The Chronology of Water movie review

The short stage approach, the Kristen Stewart-blockbuster superstar (the “Twilight” saga) and indie icon (“personal shoppers”)-before the world premiere of their directorial debut at the film festival in Cannes, felt half of the word “fuck” and ended with the request: ” fucking Watch the film! ” However, it took a while for the first picture to be turned over the screen on 16mm analogue material.The Chronology of Water“Are there astonishingly.

So is it so complicated even with such a big name to get the budget for an independent project that in the end has to be used for a dozen different donors? Probably already. At least if the meaning is not based on pleasing art house food, but according to radical art without any concession to the visual habits of the (mainstream) audience. Stewart worked on her film adaptation of Lidia Yuknavitch's autobiography of the same name for eight years – and judged from the result, she did not have a single compromise during this time.

The water and swimming are of central importance in the life of Lidia Yuknavitch (Imogen Poots).

The water and swimming are of central importance in the life of Lidia Yuknavitch (Imogen Poots).

Have you just put on reading because the name Lidia Yuknavitch tells you nothing? Don't worry, most of the people will hardly have been different. In “The Chronology of Water” (2011), the author, born in 1963, tells with a radical-fragmented profane poetry in a maximum-soul-blown manner, among others. From her abuse experiences by the father, her at the same time saving and destructive swimming career, her addictions, S/M pain therapy and miscarriage.
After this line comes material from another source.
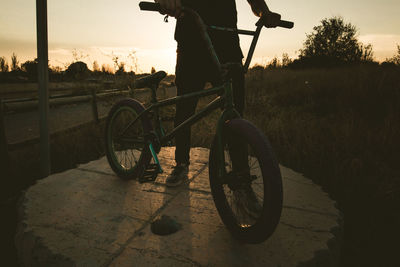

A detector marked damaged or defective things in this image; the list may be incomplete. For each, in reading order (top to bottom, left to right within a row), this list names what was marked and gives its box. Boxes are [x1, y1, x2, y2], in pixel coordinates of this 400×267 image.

cracked concrete surface [15, 148, 340, 266]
This is painful, but at the same time a cult book in the classic sense, that is, only an American niche readers who are interested in independent or queer literature knows it, but they revered it all the more.

Kristen Stewart himself even referred to the book as a “holy text” – and also announced in interviews that as an actress, she would “make no further damn film before she did not make this film”. And this unconditional necessity can be noticed “The Chronology of Water”. Stewart shot in her career with master directors such as Olivier Assayas (“The Clouds of Sils Maria”), Pablo Larraín (“Spencer”) or David Cronenberg (“Crimes of the Future”) – so she had enough chances to take a look at something of the big ones. Instead, she has developed a completely own cinematic language for her directorial debut – one that is leaned onto the literary template without reservation.

A memory carpet of pain

The first of four chapters in which childhood and youth are in the center, almost like an experimental film, without classic scenes, but a series of memory. Stewart associated moods, scraps of memory and the body of her protagonist, which she literally takes a close look at the privacy and the body of her protagonist in staccato -proof, and thus broken down into its individual parts. Swimming and water play a central role in this-after all, the off-comment based on the template says at one point: “How many miles do you have to swim to arrive with yourself.”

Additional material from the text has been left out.